RAW DATA →
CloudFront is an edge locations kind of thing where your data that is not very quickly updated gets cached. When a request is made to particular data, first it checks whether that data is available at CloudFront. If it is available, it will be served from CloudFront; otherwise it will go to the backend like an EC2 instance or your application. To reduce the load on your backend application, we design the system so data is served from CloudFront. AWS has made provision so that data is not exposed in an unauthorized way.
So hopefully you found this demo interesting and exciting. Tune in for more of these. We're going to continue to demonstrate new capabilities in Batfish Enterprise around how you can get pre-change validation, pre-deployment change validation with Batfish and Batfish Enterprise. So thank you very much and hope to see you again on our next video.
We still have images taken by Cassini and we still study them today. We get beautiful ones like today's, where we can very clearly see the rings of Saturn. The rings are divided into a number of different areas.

==

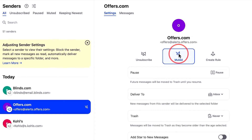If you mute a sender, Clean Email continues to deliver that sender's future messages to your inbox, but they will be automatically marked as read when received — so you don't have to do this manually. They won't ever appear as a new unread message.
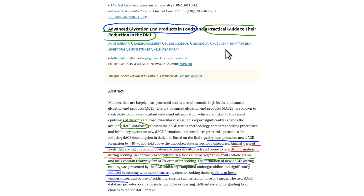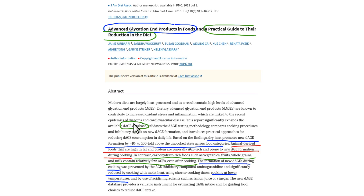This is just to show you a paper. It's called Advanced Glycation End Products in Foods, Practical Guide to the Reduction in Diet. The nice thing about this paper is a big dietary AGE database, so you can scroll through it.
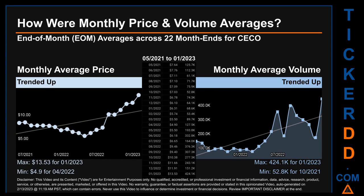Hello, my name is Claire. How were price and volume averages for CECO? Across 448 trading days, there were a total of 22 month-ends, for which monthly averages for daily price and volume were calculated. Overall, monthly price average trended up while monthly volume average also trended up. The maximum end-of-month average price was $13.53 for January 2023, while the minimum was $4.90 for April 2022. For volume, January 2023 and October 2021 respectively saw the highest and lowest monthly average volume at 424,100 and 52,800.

...

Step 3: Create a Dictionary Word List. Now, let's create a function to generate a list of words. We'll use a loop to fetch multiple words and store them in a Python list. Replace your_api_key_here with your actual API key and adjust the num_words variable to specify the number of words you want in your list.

REQUIREMENT → Respond with a number only, the count of lines in the entries where the string "them" occurs.

TASK SOLUTION → 2